## What the exercise asks
Search the material below for the string "Case" and copy each line where it appears.

## Working data
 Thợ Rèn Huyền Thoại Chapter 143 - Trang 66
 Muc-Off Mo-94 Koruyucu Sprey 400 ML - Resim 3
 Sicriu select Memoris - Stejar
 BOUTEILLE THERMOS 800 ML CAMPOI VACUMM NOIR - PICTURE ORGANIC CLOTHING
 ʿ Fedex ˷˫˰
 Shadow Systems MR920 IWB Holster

--

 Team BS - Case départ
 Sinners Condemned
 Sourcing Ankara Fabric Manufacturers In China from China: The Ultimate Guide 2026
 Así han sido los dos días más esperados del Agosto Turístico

==

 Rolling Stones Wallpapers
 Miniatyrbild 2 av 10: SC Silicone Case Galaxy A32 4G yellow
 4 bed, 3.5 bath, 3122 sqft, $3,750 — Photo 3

## Solution to the problem
 Team BS - Case départ
 Miniatyrbild 2 av 10: SC Silicone Case Galaxy A32 4G yellow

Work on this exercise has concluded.